A Sudanese government source says President Omar al-Bashir has stepped down and that consultations are underway to form a transitional council.
Adel Mahjoub Hussein, the Sudanese minister of production and economic resources in North Darfur, told that, “There are consultations to form a military council to take over power after President Bashir stepped down.”
The announcement brought thousands of Sudanese to the center of the capital, Khartoum, cheering in jubilation and chanting anti-Bashir slogans.
Organizers had also arranged for protesters to gather outside the Defense Ministry, where people chanted, “It has fallen, we won,” in an apparent reference to Bashir’s government.
Sudan’s military has said it will make an “important” statement soon. Troops are deployed to key roads and bridges in Khartoum, amid speculation that a coup attempt could be underway against the embattled president after months of anti-government protests across the Northeast African country.
“The armed forces will present an important statement shortly.

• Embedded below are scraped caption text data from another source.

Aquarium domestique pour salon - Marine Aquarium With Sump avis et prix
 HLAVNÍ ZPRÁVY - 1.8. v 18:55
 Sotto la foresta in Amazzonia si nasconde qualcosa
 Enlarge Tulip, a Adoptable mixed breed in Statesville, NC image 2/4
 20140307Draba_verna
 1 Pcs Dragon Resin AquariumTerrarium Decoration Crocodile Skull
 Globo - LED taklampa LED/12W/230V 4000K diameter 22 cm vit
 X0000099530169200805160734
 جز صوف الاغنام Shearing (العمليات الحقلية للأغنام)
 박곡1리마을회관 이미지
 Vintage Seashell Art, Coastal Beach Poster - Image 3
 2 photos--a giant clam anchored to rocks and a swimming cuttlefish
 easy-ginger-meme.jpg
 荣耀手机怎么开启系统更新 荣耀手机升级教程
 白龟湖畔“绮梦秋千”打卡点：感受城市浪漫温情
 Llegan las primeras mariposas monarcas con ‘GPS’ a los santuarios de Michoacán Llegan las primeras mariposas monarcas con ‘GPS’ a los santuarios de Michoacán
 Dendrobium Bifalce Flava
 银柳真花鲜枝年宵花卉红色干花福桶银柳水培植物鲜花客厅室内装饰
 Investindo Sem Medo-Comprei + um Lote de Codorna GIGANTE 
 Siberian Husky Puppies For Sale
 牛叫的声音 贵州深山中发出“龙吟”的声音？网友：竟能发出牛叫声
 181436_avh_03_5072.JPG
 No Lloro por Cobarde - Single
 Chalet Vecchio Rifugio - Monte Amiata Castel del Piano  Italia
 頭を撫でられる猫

Be ready for it,” a short notice on state television read, without giving further details.
In a separate development on Thursday, a team of Sudanese soldiers purportedly raided the offices of a group linked to Bashir’s ruling National Congress Party (NCP) in Khartoum. The soldiers raided the offices of the Islamic Movement, the ideological wing of the NCP, on Thursday morning, according to witnesses speaking to AFP.
Sudan has been struggling with protests since December 17 last year, when an anti-government campaign erupted over price hikes and shortages of food and fuel. That initial public display of anger quickly spiraled into calls for the 75-year-old Bashir to resign.
The embattled president declared a state of emergency, dissolved the central government, and replaced state governors with security officials. But the protests did not stop.
Opposition figures have urged the military to help negotiate an end to Bashir’s nearly 30-year rule and a transition to democracy.
Bashir is wanted by the International Criminal Court (ICC) over his alleged role in genocide in the Darfur region. He denies having had a role.